##### SUPPLIED MATERIAL #####
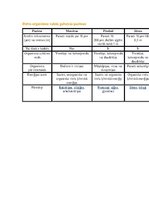 Konspekts 'Dzīvo organismu valsts galvenās pazīmes', 1.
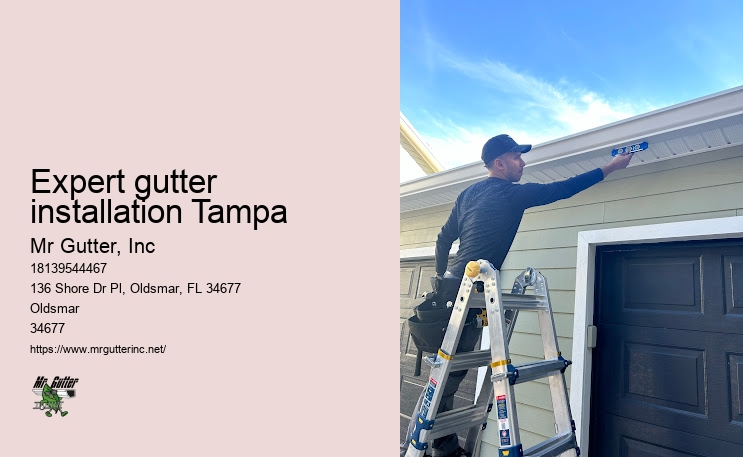 Best gutter installers Expert gutter installation Tampa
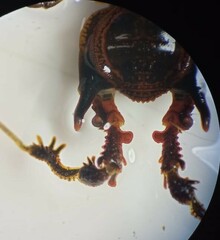 Metagyndes pulchella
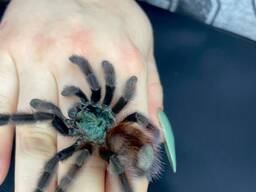 Декоративні різні павуки для дому, безпечні павуки, декоративний павук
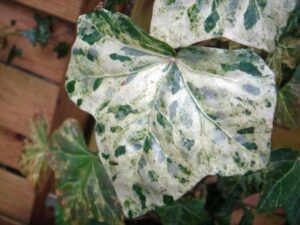 Hedera hibernica 'Rona' - Lierre d'Irlande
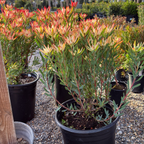 Blush Cone Bush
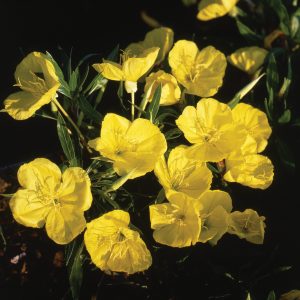 Oenothera macrocarpa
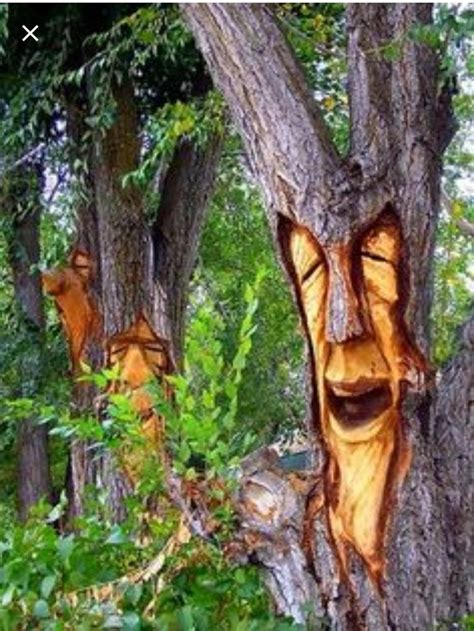 Enchanted Forest Revelstoke BC | Lawn art, Tree faces, Tree carving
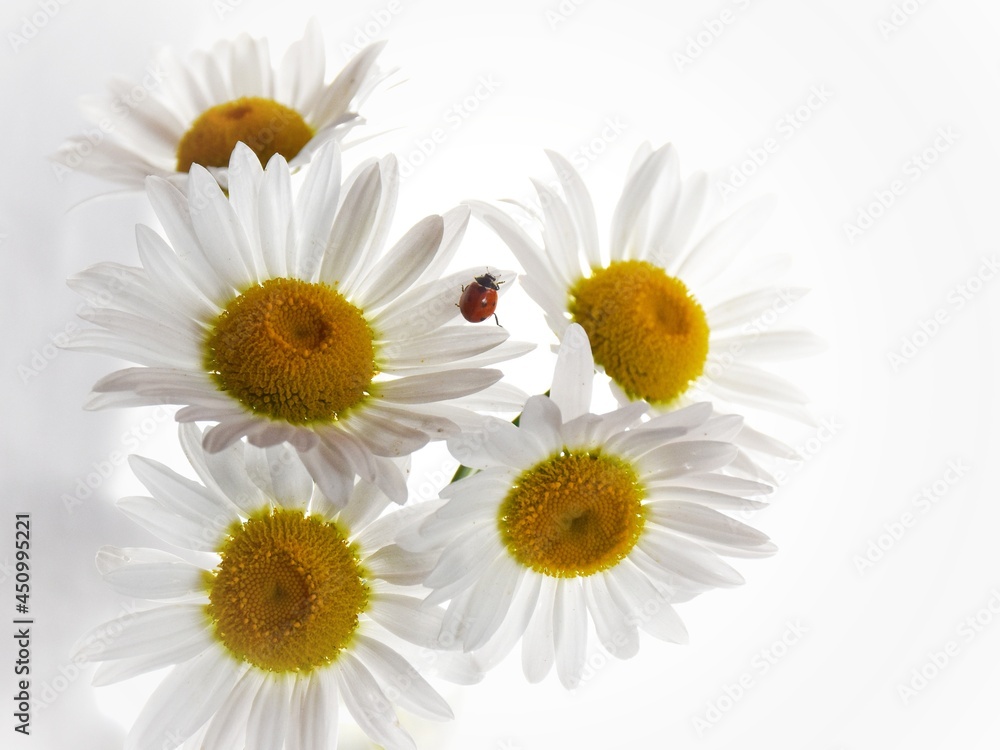 Obraz premium daisies and ladybug in white background
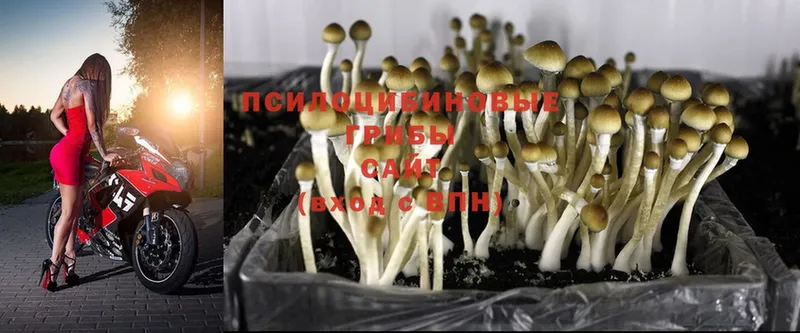 Псилоцибиновые грибы Psilocybine cubensis  продажа наркотиков  это клад  Гуково 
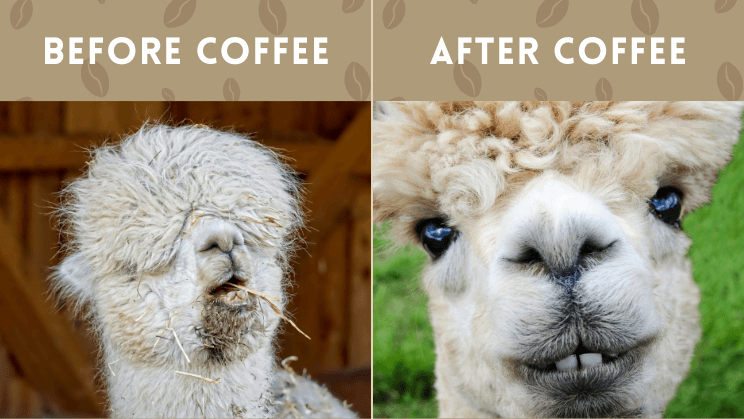 Coffee Puns For Friends And Family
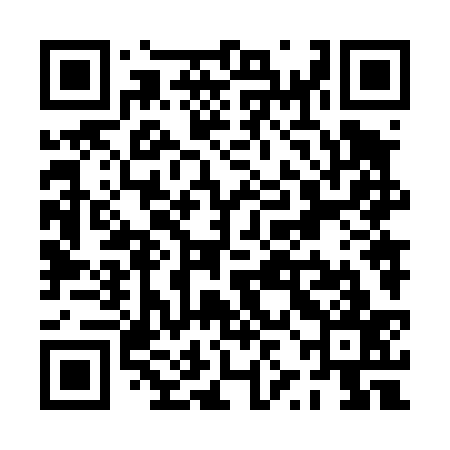 QR code for PZN437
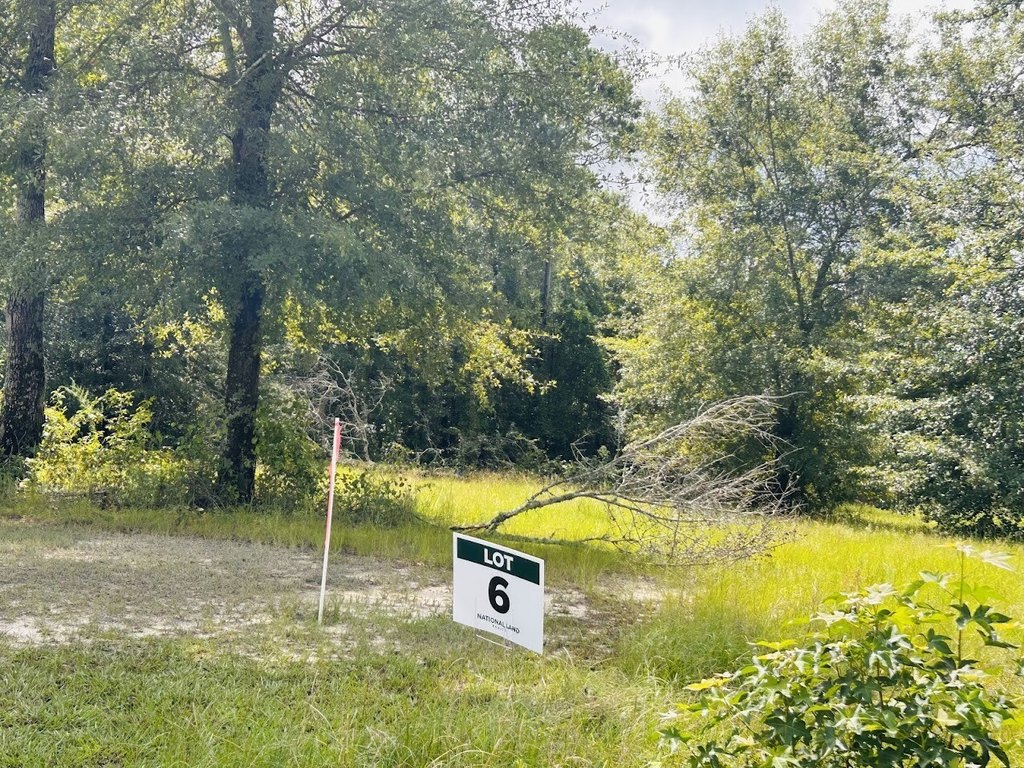 Picture 3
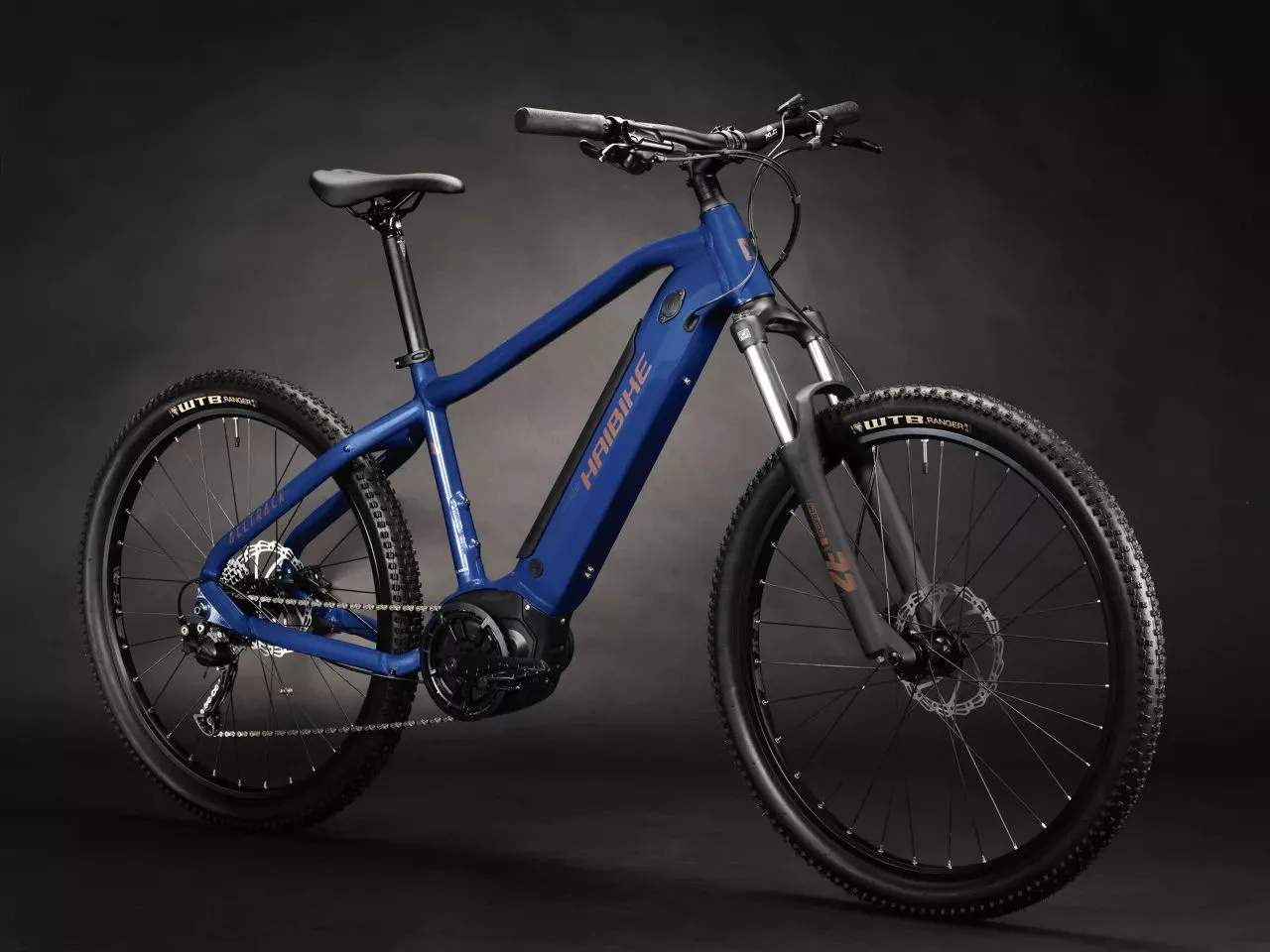 e-bike Haibike Alltrack 4 29 i500Wh 9-G Alivio 2025 L blue leather - imagine 2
#####
Using the records above, output their complete text exactly, minus any images.

 Konspekts 'Dzīvo organismu valsts galvenās pazīmes', 1.
 Best gutter installers Expert gutter installation Tampa
 Metagyndes pulchella
 Декоративні різні павуки для дому, безпечні павуки, декоративний павук
 Hedera hibernica 'Rona' - Lierre d'Irlande
 Blush Cone Bush
 Oenothera macrocarpa
 Enchanted Forest Revelstoke BC | Lawn art, Tree faces, Tree carving
 Obraz premium daisies and ladybug in white background
 Псилоцибиновые грибы Psilocybine cubensis  продажа наркотиков  это клад  Гуково 
 Coffee Puns For Friends And Family
 QR code for PZN437
 Picture 3
 e-bike Haibike Alltrack 4 29 i500Wh 9-G Alivio 2025 L blue leather - imagine 2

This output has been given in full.